Friday, June 7, 2019

Adult children of alcoholics

From verywellmind.com:

13 Characteristics of Adult Children of Alcoholics

You'll likely identify with these traits if you grew up around alcoholism
By: Buddy T

If you grew up in an alcoholic home, you're probably familiar with the feeling of never knowing what to expect from one day to the next. When one or both parents struggle with addiction, the home environment is predictably unpredictable. Argument, inconsistency, unreliability, and chaos tend to run rampant. Children of alcoholics don't get many of their emotional needs met due to these challenges, often leading to skewed behaviors and difficulties in properly caring for themselves and their feelings later in life.

 

If you were never given the attention and emotional support you needed during a key developmental time in your youth and instead were preoccupied with the dysfunctional behavior of a parent, it may certainly be hard (or perhaps impossible) to know how to get your needs met as an adult. Furthermore, if you lacked positive foundational relationships, it may be difficult to develop healthy, trusting interpersonal relationships later on. 
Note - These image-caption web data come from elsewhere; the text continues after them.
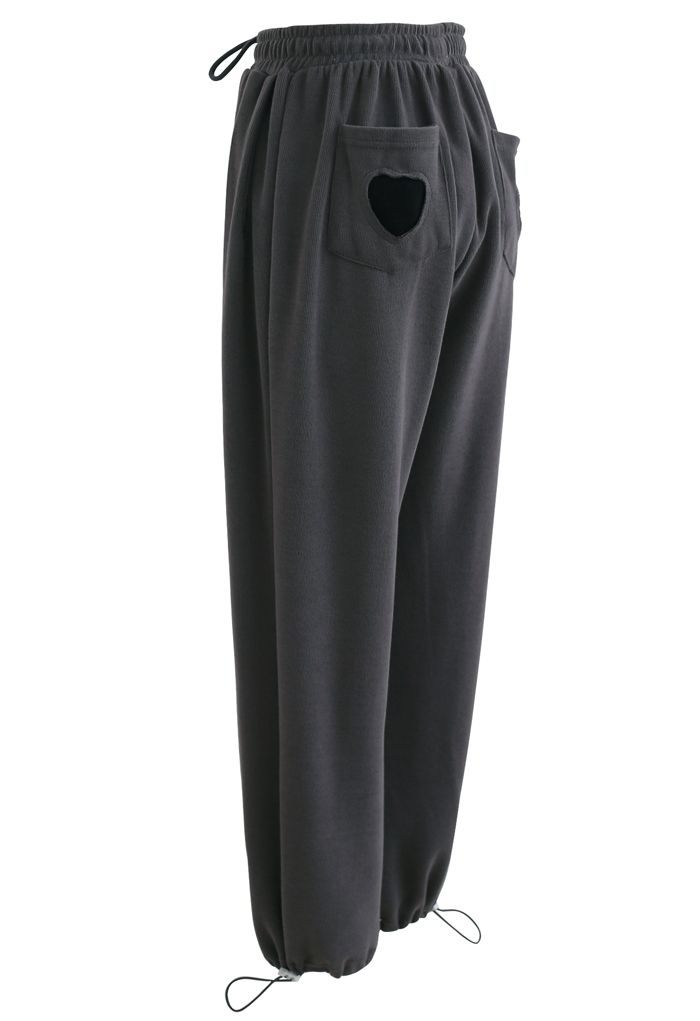 Pantalon de jogging avec cordon de serrage et poche plaquée cœur en fumée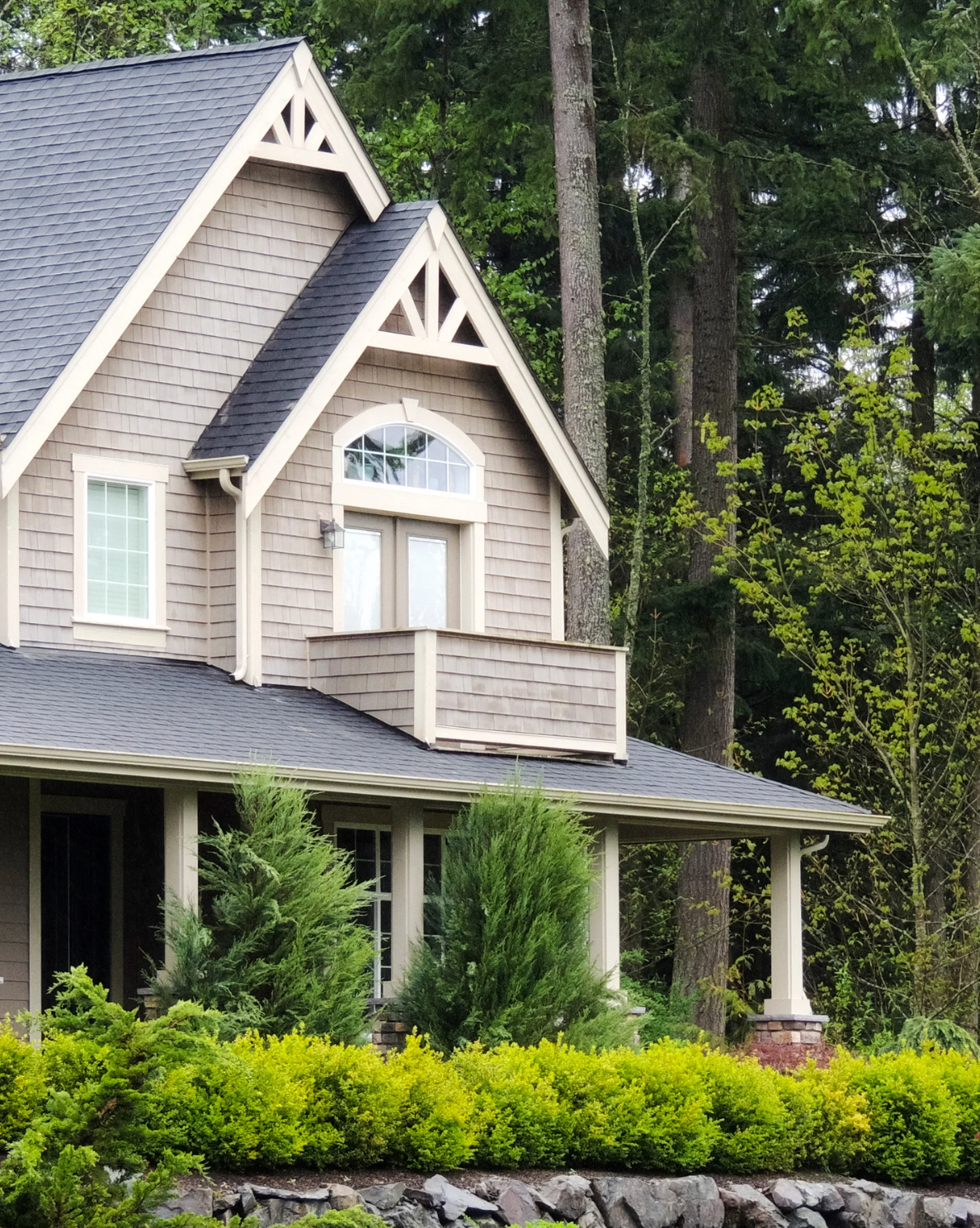 Beige two-story house with dark roof, small balcony, and porch; surrounded by trees and bushes.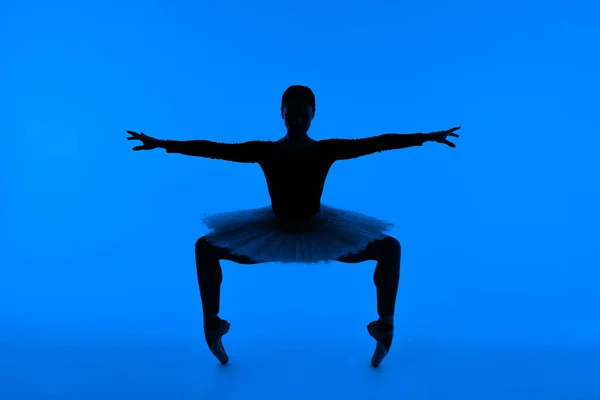 Αγνώριστη μπαλαρίνα με φουστάνι και pointe παπούτσια κάνοντας squat όρθια στις μύτες των ποδιών. Απομονωμένη γυναίκα σε μπλε φόντο. Χορεύτρια μπαλέτου δείχνει κλασικά στοιχεία. — Φωτογραφία Αρχείου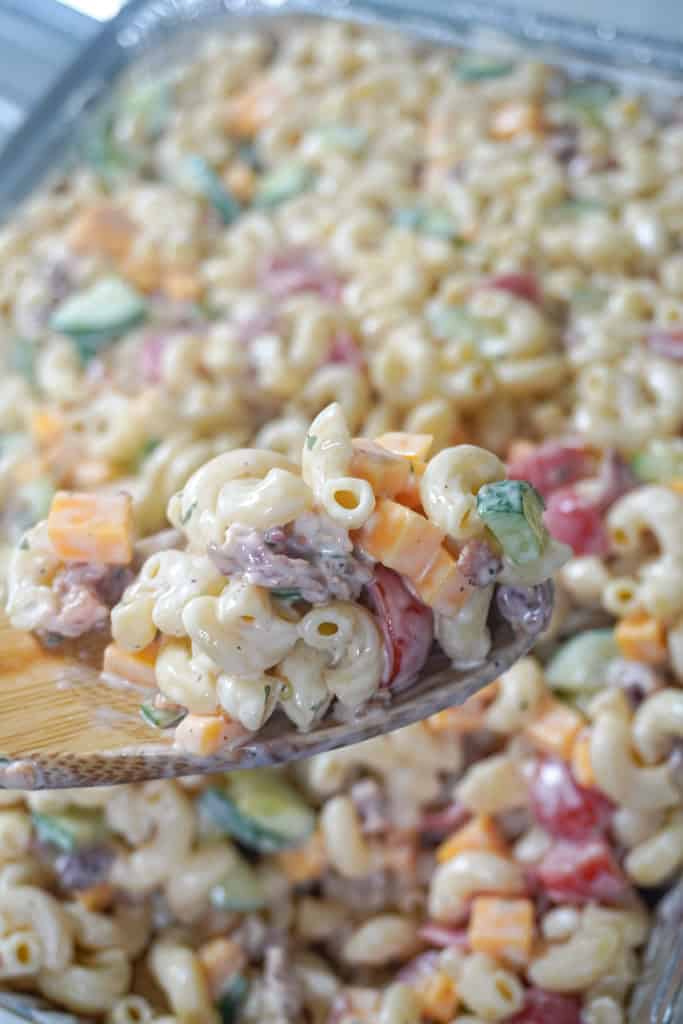 close up view of Bacon Ranch Pasta Salad with a spoon hovering in front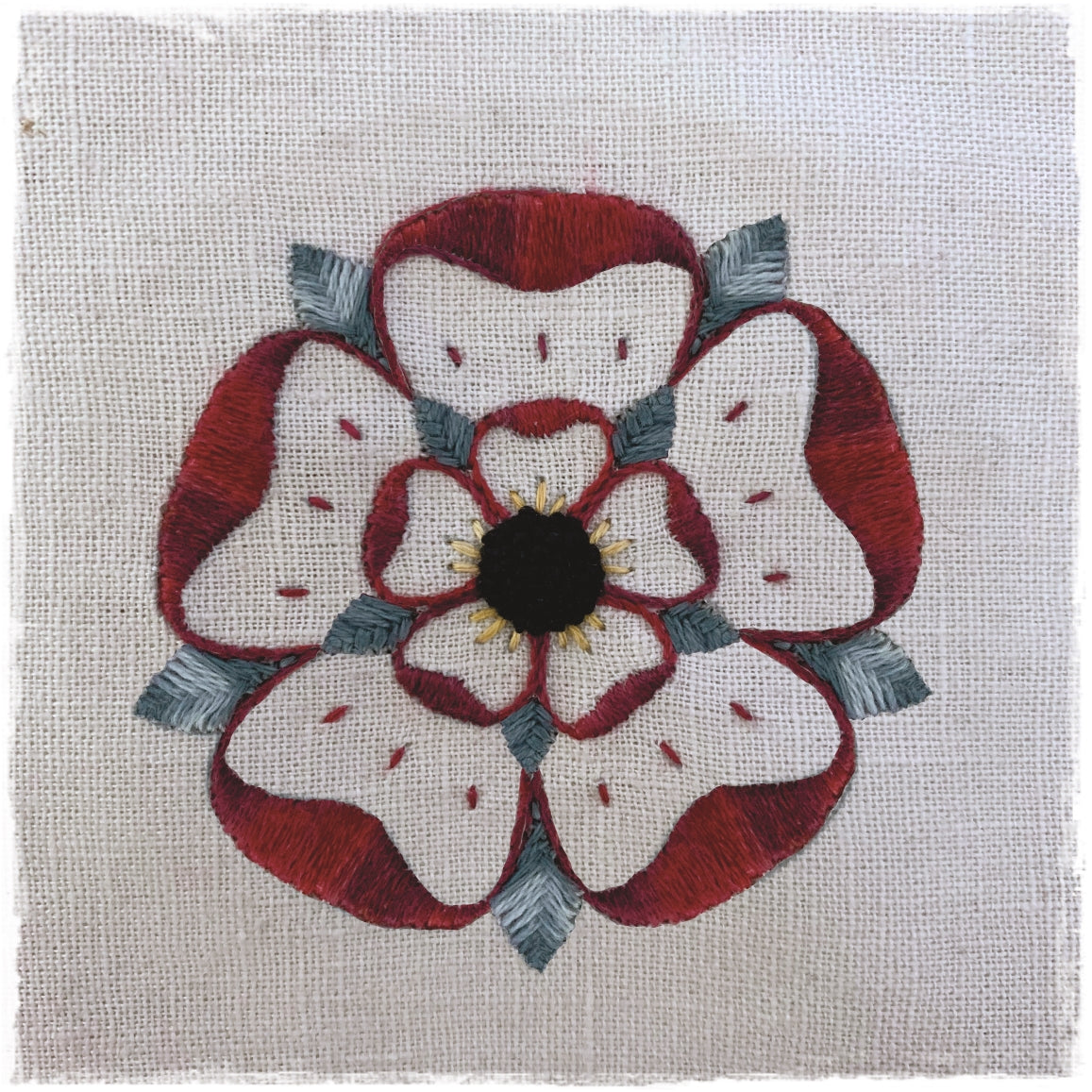 stitched journal page featuring a floral design with red, white, and gray colors on a linen background.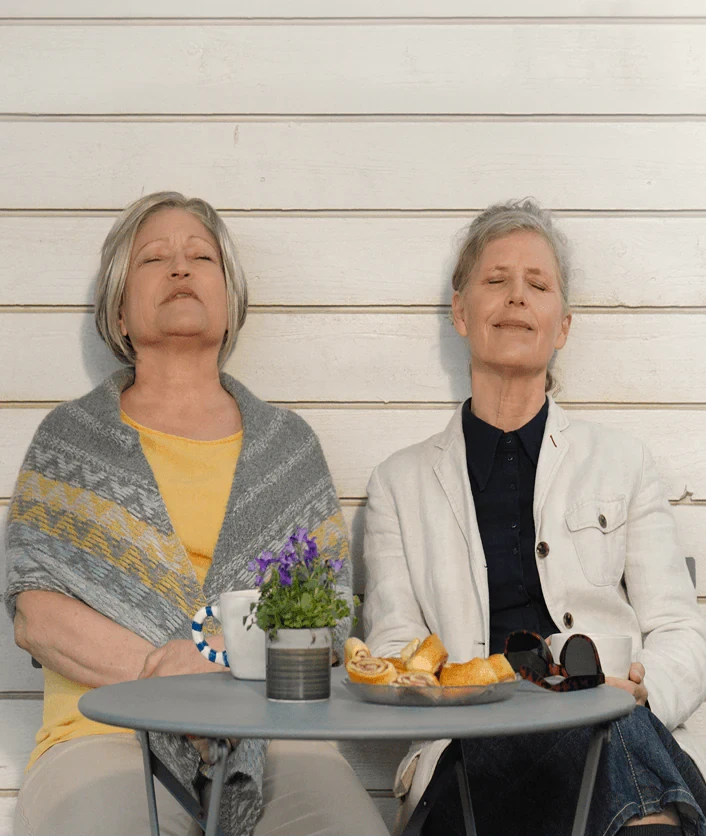 Två kvinnor sitter vid ett cafébord mot en vit husvägg och blundar mot solen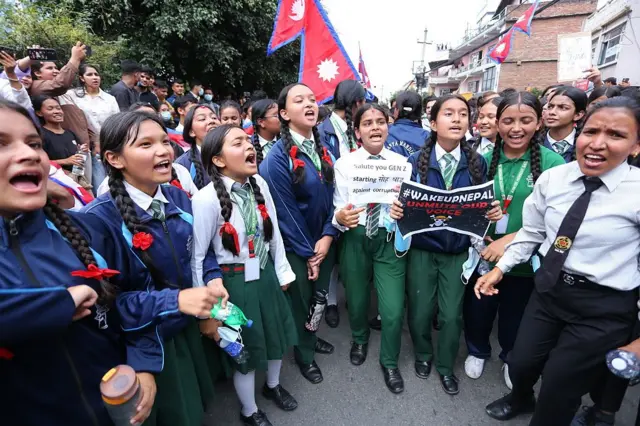 Niñas con uniforme escolar cantan afuera del parlamento en Katmandú, Nepal, el 8 de septiembre de 2025. Están reunidas en un arco, algunas sosteniendo carteles, mientras los adultos miran desde atrás.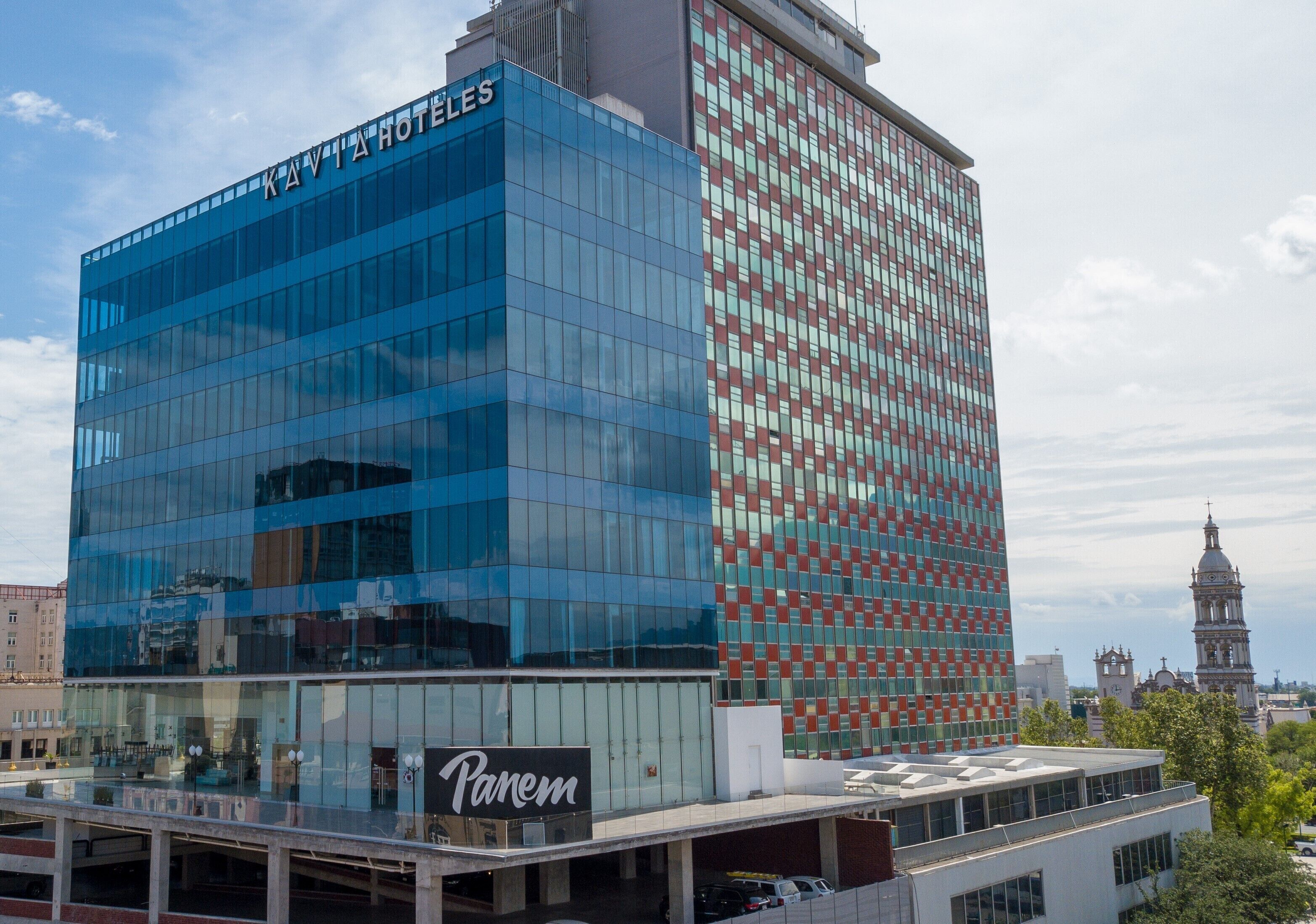 Un moderno edificio de hotel con fachada de vidrio y un cartel que dice "Panem".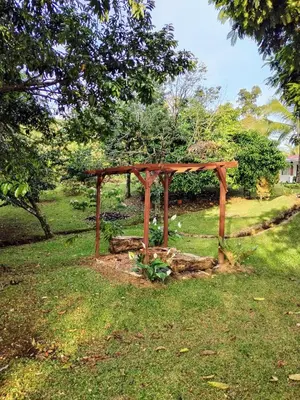a wooden structure sitting on top of a tree stump at Cabaña Campo Verde in Marsella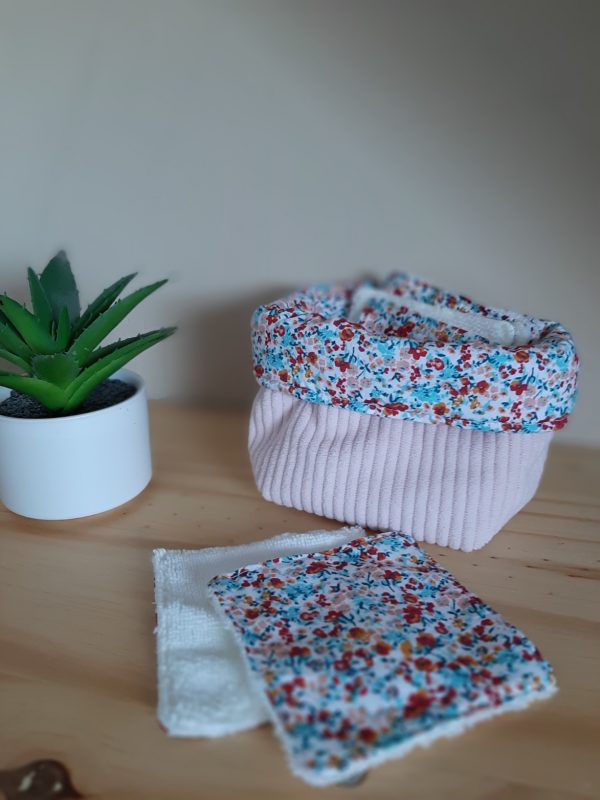 Petite panière en tissu rose contenant des lingettes textiles assorties.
Children of alcoholics often have to deny their feelings of sadness, fear, and anger in order to survive. And since unresolved feelings will always surface eventually, they often manifest during adulthood. The advantage to recognizing this is that you're an adult now and no longer a helpless child. You can face these issues and find resolution in a way you couldn't back then.

Lasting Effects

Many children of alcoholics develop similar characteristics and personality traits. In her 1983 landmark book, "Adult Children of Alcoholics," the late Janet G. Woititz, PhD, outlined 13 of them.

Dr. Jan, as she is known, was a best-selling author, lecturer, and counselor who was also married to an alcoholic. Based on her personal experience with alcoholism and its effect on her children, as well as her work with clients who were raised in dysfunctional families, she discovered that these common characteristics are prevalent not only in alcoholic families but also in those who grew up in families where there were other compulsive behaviors, such as gambling, drug abuse, or overeating, or where other dysfunctions occurred, such as the parents were chronically ill or held strict religious attitudes.

She cited that adult children of alcoholics (ACoAs) often:

Guess at what normal behavior is

Have difficulty following a project through from beginning to end

Lie when it would be just as easy to tell the truth

Judge themselves without mercy

Have difficulty having fun

Take themselves very seriously

Have difficulty with intimate relationships

Overreact to changes over which they have no control

Constantly seek approval and affirmation

Feel that they're different from other people

Are super responsible or super irresponsible

Are extremely loyal, even in the face of evidence that the loyalty is undeserved

Are impulsive—They tend to lock themselves into a course of action without giving serious consideration to alternative behaviors or possible consequences. This impulsively leads to confusion, self-loathing, and loss of control over their environment. In addition, they spend an excessive amount of energy cleaning up the mess.

Of course, if you're a child of an alcoholic, that doesn't mean that everything on this list will apply to you. But it's likely that at least some of it will.

The Laundry List

Before Dr. Jan's book was published, an adult child of an alcoholic, Tony A., published in 1978 what he called "The Laundry List," another list of characteristics that can seem very familiar to those who grew up in dysfunctional homes.

Tony's list has been adopted as part of the Adult Children of Alcoholics World Service Organization's official literature and is a basis for the article, "The Problem," published on the group's website.

According to Tony's list, many adult children of alcoholics can:

Become isolated

Fear people and authority figures

Become approval seekers

Be frightened of angry people

Be terrified of personal criticism

Become alcoholics, marry them, or both

View life as a victim

Have an overwhelming sense of responsibility

Be concerned more with others than themselves

Feel guilty when they stand up for themselves

Become addicted to excitement

Confuse love and pity

"Love" people who need rescuing

Stuff their feelings

Lose the ability to feel

Have low self-esteem

Judge themselves harshly

Become terrified of abandonment

Do anything to hold on to a relationship

Become "para-alcoholics," people who take on the characteristics of the disease without drinking

Become reactors instead of actors

ACoAs and Relationships

Many adult children of alcoholics lose themselves in their relationship with others, sometimes finding themselves attracted to alcoholics or other compulsive personalities, such as workaholics, who are emotionally unavailable.

Adult children may also form relationships with others who need their help or need to be rescued, to the extent of neglecting their own needs. If they place the focus on the overwhelming needs of someone else, they don't have to look at their own difficulties and shortcomings.

Often, adult children of alcoholics will take on the characteristics of alcoholics, even though they've never picked up a drink: exhibiting denial, poor coping skills, poor problem solving, and forming dysfunctional relationships.